**INSTRUCTIONS FOR THE TASK:**
Repeat verbatim, and only, the lines of the data below, beginning at the line that contains "A-cup FUD 0001" and stopping after the line that contains "Wall plates with switches".

**SUPPLIED RECORDS:**
┌──

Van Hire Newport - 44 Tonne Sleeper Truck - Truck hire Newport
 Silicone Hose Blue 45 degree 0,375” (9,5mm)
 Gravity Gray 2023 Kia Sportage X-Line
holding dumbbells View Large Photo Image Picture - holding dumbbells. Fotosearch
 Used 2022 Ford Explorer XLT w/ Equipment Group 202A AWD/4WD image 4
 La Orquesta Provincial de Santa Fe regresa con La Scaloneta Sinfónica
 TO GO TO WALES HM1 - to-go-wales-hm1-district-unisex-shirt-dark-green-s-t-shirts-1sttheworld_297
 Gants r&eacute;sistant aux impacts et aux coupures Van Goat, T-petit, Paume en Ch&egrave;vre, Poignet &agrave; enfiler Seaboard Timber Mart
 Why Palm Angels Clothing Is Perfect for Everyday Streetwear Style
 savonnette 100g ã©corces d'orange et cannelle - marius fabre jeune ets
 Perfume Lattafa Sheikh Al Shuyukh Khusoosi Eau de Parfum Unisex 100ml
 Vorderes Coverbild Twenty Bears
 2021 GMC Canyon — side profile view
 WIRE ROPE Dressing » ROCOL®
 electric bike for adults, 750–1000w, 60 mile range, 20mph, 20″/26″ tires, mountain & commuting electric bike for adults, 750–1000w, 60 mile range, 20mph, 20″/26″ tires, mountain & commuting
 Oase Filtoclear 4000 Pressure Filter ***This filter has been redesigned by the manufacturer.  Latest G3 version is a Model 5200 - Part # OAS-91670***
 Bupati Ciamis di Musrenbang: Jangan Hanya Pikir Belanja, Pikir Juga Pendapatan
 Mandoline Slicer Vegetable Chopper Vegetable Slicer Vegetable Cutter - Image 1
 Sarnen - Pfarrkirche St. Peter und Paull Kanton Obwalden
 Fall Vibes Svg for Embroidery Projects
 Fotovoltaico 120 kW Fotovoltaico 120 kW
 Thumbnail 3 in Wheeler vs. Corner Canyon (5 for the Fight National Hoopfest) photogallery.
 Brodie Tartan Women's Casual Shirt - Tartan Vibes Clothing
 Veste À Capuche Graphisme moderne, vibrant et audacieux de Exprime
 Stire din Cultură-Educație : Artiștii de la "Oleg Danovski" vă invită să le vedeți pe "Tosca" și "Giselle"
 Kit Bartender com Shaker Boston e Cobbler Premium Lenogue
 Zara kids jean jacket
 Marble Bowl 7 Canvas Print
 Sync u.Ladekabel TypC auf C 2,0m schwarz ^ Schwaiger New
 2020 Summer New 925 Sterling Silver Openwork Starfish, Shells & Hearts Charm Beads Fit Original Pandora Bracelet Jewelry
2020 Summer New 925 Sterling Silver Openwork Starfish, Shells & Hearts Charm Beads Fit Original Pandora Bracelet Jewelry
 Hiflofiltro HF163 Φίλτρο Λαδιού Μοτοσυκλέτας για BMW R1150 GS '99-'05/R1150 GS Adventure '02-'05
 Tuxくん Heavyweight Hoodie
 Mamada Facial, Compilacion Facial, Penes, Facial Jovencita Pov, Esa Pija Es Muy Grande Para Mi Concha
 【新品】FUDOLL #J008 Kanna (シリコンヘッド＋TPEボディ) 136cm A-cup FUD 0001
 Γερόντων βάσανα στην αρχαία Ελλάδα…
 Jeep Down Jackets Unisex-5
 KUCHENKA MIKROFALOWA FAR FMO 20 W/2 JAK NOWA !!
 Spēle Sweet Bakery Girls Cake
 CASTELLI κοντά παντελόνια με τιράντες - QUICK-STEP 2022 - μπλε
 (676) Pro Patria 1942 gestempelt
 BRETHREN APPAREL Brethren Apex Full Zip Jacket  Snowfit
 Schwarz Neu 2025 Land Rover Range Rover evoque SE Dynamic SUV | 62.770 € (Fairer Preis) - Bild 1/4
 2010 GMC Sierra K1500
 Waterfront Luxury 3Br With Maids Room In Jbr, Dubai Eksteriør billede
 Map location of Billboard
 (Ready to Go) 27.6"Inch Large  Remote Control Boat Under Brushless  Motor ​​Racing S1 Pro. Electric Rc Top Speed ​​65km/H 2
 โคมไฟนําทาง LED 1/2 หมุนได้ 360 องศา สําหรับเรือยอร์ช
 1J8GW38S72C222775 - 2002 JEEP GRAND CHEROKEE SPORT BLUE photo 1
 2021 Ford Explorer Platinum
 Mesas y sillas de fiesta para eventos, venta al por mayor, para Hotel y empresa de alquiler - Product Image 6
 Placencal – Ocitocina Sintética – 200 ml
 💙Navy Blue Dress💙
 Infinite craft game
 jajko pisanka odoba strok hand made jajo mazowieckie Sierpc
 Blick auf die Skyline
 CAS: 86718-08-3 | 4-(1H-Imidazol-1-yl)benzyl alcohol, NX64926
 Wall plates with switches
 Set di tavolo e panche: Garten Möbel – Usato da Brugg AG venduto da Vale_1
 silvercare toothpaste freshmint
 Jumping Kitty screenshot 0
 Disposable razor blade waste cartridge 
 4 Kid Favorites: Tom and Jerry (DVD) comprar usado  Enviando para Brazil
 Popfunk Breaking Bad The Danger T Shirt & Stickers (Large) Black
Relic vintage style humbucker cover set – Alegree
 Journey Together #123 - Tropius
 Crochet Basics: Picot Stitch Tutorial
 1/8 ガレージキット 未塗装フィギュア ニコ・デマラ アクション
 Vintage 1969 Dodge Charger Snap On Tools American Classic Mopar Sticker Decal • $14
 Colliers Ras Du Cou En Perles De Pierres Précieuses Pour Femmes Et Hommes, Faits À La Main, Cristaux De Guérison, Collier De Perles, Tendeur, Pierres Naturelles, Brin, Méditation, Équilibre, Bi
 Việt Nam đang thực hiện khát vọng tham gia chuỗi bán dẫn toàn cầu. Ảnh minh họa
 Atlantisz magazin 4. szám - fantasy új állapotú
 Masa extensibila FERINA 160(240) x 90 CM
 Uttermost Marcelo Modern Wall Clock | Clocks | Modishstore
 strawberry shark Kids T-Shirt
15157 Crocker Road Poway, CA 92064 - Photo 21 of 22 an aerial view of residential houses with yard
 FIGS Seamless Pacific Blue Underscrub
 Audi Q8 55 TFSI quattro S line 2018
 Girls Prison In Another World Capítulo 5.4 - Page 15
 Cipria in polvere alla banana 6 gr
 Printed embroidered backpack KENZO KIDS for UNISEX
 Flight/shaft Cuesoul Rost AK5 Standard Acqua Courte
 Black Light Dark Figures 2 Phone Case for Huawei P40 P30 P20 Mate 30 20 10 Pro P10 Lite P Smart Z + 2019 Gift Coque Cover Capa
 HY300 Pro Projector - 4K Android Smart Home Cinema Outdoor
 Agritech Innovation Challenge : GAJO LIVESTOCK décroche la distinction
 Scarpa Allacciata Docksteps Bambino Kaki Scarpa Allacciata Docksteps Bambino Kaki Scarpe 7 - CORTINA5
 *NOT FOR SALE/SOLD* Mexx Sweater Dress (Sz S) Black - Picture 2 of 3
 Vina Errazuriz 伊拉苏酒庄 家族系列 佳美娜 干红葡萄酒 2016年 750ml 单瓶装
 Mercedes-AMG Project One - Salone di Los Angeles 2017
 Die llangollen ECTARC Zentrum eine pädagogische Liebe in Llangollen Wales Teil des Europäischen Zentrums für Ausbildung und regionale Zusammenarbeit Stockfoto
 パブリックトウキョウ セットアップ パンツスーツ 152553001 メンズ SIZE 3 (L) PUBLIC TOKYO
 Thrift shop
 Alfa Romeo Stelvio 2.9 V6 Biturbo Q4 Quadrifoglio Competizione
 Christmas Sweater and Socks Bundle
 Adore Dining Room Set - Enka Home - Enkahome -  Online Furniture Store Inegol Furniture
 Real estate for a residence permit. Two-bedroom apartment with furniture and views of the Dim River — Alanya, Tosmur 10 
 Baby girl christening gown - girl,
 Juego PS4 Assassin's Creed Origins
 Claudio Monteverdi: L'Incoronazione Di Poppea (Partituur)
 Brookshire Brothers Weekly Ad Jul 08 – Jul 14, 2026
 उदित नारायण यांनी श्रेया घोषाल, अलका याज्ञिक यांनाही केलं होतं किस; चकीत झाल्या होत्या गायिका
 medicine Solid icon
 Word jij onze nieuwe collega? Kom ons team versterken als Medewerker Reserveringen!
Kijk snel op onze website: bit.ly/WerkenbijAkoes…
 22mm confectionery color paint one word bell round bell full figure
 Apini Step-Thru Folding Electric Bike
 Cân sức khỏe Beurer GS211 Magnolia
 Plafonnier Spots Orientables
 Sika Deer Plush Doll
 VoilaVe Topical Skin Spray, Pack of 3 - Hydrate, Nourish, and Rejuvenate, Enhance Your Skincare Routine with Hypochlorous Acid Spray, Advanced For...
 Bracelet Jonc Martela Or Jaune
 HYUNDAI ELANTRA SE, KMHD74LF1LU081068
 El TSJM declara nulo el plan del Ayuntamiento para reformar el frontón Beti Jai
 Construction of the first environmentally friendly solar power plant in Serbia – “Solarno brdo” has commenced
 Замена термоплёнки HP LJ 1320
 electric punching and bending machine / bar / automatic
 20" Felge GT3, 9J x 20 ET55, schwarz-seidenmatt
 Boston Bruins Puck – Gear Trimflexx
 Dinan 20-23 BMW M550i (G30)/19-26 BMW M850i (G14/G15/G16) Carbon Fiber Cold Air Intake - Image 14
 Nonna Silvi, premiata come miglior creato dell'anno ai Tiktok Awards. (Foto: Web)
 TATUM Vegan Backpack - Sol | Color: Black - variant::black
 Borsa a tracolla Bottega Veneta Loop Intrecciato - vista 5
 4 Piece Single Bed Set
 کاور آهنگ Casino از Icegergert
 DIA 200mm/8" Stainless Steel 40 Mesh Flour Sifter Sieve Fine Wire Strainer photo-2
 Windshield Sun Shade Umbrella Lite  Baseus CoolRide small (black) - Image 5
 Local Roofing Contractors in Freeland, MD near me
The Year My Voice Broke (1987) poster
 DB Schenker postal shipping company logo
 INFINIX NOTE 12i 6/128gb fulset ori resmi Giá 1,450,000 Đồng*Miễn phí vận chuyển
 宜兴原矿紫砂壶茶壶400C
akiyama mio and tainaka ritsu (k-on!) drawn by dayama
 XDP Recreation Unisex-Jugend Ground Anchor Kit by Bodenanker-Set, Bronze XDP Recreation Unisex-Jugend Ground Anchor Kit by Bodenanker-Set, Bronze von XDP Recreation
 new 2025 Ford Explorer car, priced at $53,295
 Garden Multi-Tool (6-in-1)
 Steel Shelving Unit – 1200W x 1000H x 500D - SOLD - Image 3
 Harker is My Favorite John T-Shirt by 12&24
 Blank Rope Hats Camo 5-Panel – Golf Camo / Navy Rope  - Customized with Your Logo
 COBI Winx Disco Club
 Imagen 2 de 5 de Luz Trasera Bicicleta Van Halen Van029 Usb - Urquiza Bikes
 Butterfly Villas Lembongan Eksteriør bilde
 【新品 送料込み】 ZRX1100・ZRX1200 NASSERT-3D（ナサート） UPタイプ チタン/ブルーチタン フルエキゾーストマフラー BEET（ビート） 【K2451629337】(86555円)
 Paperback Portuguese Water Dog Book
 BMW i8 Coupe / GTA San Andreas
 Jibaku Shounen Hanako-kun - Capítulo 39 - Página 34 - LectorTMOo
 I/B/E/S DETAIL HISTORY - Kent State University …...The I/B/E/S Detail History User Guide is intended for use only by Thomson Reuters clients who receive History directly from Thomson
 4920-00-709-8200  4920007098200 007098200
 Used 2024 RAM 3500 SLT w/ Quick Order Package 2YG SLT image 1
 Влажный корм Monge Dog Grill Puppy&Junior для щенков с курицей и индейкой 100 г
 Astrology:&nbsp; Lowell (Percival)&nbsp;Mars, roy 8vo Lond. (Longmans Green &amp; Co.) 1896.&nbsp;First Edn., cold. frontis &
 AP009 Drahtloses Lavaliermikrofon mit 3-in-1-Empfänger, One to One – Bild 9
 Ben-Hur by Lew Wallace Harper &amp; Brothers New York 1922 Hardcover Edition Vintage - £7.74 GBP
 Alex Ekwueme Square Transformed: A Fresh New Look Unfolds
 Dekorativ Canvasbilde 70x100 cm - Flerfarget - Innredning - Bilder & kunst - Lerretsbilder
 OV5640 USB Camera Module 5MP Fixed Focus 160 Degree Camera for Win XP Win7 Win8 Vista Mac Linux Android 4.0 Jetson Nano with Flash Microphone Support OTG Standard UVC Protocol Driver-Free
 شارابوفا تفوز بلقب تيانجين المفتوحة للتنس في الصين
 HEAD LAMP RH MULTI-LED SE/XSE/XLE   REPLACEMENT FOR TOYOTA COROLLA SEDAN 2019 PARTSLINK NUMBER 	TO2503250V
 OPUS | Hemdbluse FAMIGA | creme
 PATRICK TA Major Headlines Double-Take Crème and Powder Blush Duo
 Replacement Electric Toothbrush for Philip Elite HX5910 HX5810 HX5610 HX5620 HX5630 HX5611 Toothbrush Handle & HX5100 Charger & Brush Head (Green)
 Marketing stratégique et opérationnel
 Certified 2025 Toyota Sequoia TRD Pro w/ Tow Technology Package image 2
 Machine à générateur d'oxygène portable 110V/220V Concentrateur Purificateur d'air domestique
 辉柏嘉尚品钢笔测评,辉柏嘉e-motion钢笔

└──

**SOLUTION TO THE PROBLEM:**
 【新品】FUDOLL #J008 Kanna (シリコンヘッド＋TPEボディ) 136cm A-cup FUD 0001
 Γερόντων βάσανα στην αρχαία Ελλάδα…
 Jeep Down Jackets Unisex-5
 KUCHENKA MIKROFALOWA FAR FMO 20 W/2 JAK NOWA !!
 Spēle Sweet Bakery Girls Cake
 CASTELLI κοντά παντελόνια με τιράντες - QUICK-STEP 2022 - μπλε
 (676) Pro Patria 1942 gestempelt
 BRETHREN APPAREL Brethren Apex Full Zip Jacket  Snowfit
 Schwarz Neu 2025 Land Rover Range Rover evoque SE Dynamic SUV | 62.770 € (Fairer Preis) - Bild 1/4
 2010 GMC Sierra K1500
 Waterfront Luxury 3Br With Maids Room In Jbr, Dubai Eksteriør billede
 Map location of Billboard
 (Ready to Go) 27.6"Inch Large  Remote Control Boat Under Brushless  Motor ​​Racing S1 Pro. Electric Rc Top Speed ​​65km/H 2
 โคมไฟนําทาง LED 1/2 หมุนได้ 360 องศา สําหรับเรือยอร์ช
 1J8GW38S72C222775 - 2002 JEEP GRAND CHEROKEE SPORT BLUE photo 1
 2021 Ford Explorer Platinum
 Mesas y sillas de fiesta para eventos, venta al por mayor, para Hotel y empresa de alquiler - Product Image 6
 Placencal – Ocitocina Sintética – 200 ml
 💙Navy Blue Dress💙
 Infinite craft game
 jajko pisanka odoba strok hand made jajo mazowieckie Sierpc
 Blick auf die Skyline
 CAS: 86718-08-3 | 4-(1H-Imidazol-1-yl)benzyl alcohol, NX64926
 Wall plates with switches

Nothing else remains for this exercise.